Gravitational Classifier

Date May 2026
Result 3rd Place
Category Machine Learning
Flag ZiTF{chimpanzee_love_banana}
Author Maxime Reynaud
Overview

A classic ML forensics challenge: you are handed a single serialised scikit-learn model in .pkl format and must extract a three-word passphrase hidden across its internals. No training data, no API, no server. Just you and the model weights...

The three words are concealed through three different techniques: an anomalous coefficient in a secret classification class, a custom base64-encoded model attribute, and ASCII values embedded as unusually large integers in a second class's coefficients. Each path requires a slightly different angle of inspection.

You can download and try the CTF challenge using the model .pkl file gravitational_model2.pkl and solve it using my personal python write up ML_AuvergnHack2026.py. Both of these files are available to download on the right hand side

Challenge Description
Challenge prompt Dr. Bonobo, a principal researcher in artificial intelligence at the Simian-7 orbital station, was urgently transferred after being suspected of spying on behalf of a dissident faction. Before his departure, he was working on a machine learning model designed to classify astronomical objects around Sagittarius Ape-Star. Simian counterintelligence recovered the trained model file (.pkl) from his workstation. Analysts believe it contains classified information regarding the upcoming secret mission! Maybe a passphrase? Load the model, inspect its inner workings, and reconstruct the hidden passphrase. The flag consists of three words scattered throughout the model. Combine them with underscores to obtain the complete flag.
Definitions Pickle: It can be used to serialize Python object structures, which refers to the process of converting an object in the memory to a byte stream that can be stored as a binary file on disk. When we load it back to a Python program, this binary file can be de-serialized back to a Python object. - Python Programming and Numerical Methods

Vectorizer: Converts text into numerical features that a machine learning model can understand. In this challenge, the vectorizer turns input words into a 238-dimensional feature vector.
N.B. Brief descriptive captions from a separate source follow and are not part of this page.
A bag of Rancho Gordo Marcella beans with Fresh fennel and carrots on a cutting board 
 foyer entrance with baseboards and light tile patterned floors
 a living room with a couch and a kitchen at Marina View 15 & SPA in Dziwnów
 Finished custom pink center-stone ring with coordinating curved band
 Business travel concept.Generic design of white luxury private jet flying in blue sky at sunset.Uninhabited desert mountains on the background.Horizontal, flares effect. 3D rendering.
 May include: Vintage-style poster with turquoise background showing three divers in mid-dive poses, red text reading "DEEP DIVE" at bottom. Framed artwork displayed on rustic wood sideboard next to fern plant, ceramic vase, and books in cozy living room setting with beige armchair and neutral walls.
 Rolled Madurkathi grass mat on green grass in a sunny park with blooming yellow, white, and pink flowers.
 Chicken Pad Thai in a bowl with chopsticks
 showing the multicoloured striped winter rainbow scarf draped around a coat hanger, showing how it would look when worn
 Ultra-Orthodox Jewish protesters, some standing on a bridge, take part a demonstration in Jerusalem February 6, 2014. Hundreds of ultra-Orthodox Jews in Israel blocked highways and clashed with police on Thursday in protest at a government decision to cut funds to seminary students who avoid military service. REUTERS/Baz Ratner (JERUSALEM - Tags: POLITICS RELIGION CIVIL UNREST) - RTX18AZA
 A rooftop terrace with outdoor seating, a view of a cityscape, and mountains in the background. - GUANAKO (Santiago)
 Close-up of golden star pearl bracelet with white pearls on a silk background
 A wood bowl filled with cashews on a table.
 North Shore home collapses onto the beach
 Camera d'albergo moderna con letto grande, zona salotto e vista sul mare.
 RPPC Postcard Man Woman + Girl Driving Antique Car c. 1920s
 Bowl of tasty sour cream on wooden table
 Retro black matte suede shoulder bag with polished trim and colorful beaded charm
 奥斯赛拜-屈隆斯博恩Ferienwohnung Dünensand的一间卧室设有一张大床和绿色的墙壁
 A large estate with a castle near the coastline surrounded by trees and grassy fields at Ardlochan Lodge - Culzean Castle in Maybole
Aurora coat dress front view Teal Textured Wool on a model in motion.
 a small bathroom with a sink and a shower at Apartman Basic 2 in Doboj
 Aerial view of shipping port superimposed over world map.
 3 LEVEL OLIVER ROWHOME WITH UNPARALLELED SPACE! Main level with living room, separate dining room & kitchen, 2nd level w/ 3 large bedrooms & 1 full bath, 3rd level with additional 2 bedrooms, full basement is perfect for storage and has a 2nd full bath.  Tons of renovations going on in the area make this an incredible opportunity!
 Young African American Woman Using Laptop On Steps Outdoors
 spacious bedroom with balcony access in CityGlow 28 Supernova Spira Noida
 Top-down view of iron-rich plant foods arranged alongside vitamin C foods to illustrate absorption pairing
Classifier: Machine learning model that assigns an input to one of several possible categories. In this challenge, the classifier uses the vectorized text features to predict one of 8 astronomical-object classes.
Security warning Pickle files can execute arbitrary code on load. ALWAYS open untrusted .pkl files inside an isolated VM or container. Never on your host machine !
Initial Analysis

The first step is loading the pickle and understanding what we are dealing with. After opening the file with the pickle library and seing that it requires the sklearn library aswell. We discover that it contains a dictionary with two keys: model and vectorizer. The model is a linear classifier (with a coef_ matrix) paired with a CountVectorizer that maps words to integer indices. Our first instinc is to use __dict__ to open up the scikit-learn object and observe it's attributes, a quick "dump the model's internal state” step.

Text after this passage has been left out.